Activity - Begin at the line below that has "Spouse: @Felix_Ray_" and stop after the line that has "via clockurl.co/key/twitterfam…". Please restate only those lines, word for word.

[Source material — start]

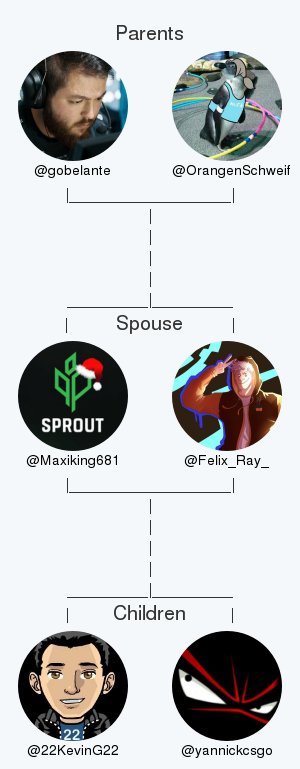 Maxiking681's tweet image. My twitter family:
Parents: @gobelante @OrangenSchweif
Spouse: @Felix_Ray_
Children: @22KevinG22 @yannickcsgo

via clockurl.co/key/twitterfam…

[Source material — finish]
[Source material — start]

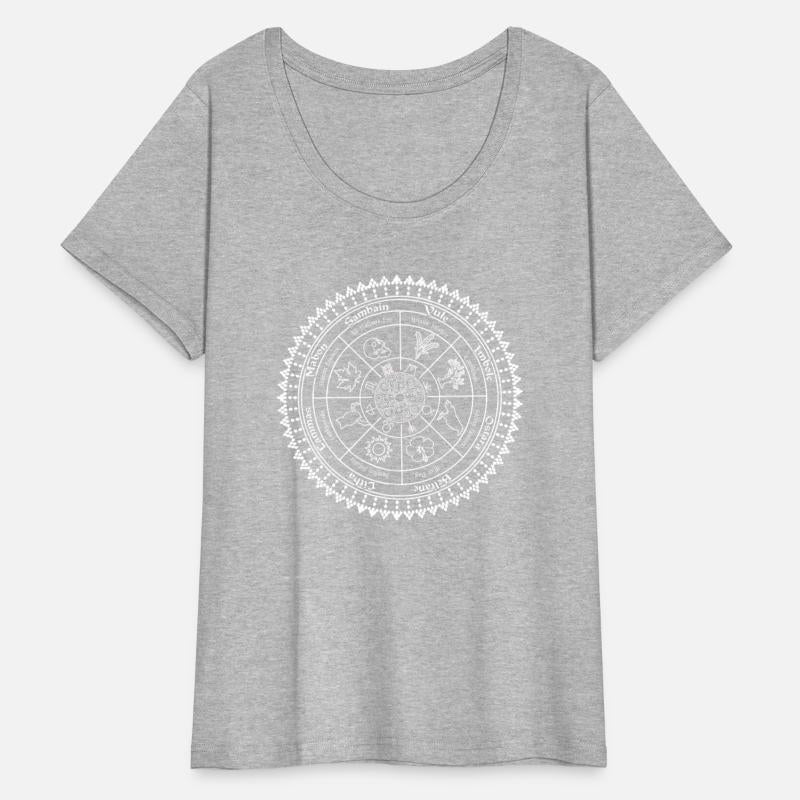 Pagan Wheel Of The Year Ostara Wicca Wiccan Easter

[Source material — finish]

Response area -
Spouse: @Felix_Ray_
Children: @22KevinG22 @yannickcsgo

via clockurl.co/key/twitterfam…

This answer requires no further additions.